EXPLICIT SEX IN CINEMA


The documentary did not delve into explicit sex. It ended by saying that by the late 1990s, sex was again being celebrated in Hollywood. While some interviewees said that Hollywood is hypocritical, the documentary itself is hypocritical. It tries to give the idea that sex in cinema today is exemplified by comedies like The Full Monty (1997) and Something About Mary (1998).


This Playboy documentary even ignores its own Playboy Channel on cable which features steamy sex and full frontal nudity.


Explicit sex in cinema has been around since the 1970s but such movies were usually shown “underground”. The one that started it all in mainstream cinema was the Franco-Japanese film In the Realm of the Senses by Nagisa Oshima in 1976.


European cinema has been pushing the envelope further to the edge since then. In 1986, one of my favorite actresses, Maruschka Detmers (Prenom Carmen), shocked the world by giving her co-star Federico Pitzalis a fellatio, which was shown uncut. The brief scene was totally gratuitous. The film was mediocre and it did not help Detmers’ career at all.
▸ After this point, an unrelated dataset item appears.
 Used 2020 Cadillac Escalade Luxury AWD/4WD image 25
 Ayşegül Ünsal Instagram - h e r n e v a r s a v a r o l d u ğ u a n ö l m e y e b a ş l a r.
In 1998, Denmark’s top director Lars Von Trier made The Idiots which included explicit sex scenes. In Switzerland and Germany, it was rated only R-16 and was even shown on Australian TV uncut.


In 1999, Catherine Breillat outdid herself when she directed Romance X with Caroline Ducey, Sagamore Stévenin, and porn actor Rocco Siffredi. The film contained “unsimulated” sex accompanied with heavy philosophizing.


In 2000, Virginie Despentes and Coralie Trinh Thi co-directed Baise-Moi, a film that showed explicit sex throughout the film. The film is anything but erotic.


In England, respected actors Mark Rylance and Kerry Fox starred in Patrice Chereau’s Intimacy (2001). There is also a fellatio scene. While Detmers and Pitzalis were young and beautiful, Rylance and Fox were middle aged and average-looking. Yet the Intimacy fellatio scene appeared more intrinsic to the film than the one in Detmers’ movie. Rylance is the Director of Shakespeare’s Globe Theater while Fox (An Angel at my Table) is an established New Zealand actress.


Mainstream British filmmaker Michael Winterbottom upped the ante with his 9 Songs (2005). The film’s actors Kieran O’Brien and newcomer Margo Stilley performed unsimulated sex which was shown in its entire splendor.


Cult director John Cameron Mitchell’s Shortbus (2006) contains graphic sex but is also innovative, provocative and presents several perspectives on sex. It won several awards in international festivals.


Shortbus lead actress Sook-Yin Lee found out that having sex on screen may be dangerous to one’s job. Her bosses at Canadian Broadcasting Corp (CBC) fired her because of her sex act in Shortbus. Lee was a host of a radio program. The public and several celebrities like Francis Ford Coppola, Julianne Moore, Gus Van Sant, David Cronenberg, and Yoko Ono rallied to her support until CBC relented.


THE SEXUAL SUBJECT


In the documentary, Hugh Hefner said that his magazine’s centerfold is their way of saying, “hey, good girls want sex, too.” While Mr. Hefner isolates himself in his mansion with a bevy of bunnies, the rest of the word has grown up. World cinema has grappled with the sexual subject in all its manifestations.


Cinema offers us representations or versions of reality. When it comes to sexual activity, the manner and limits of representation in mainstream cinema continue to be passionately debated.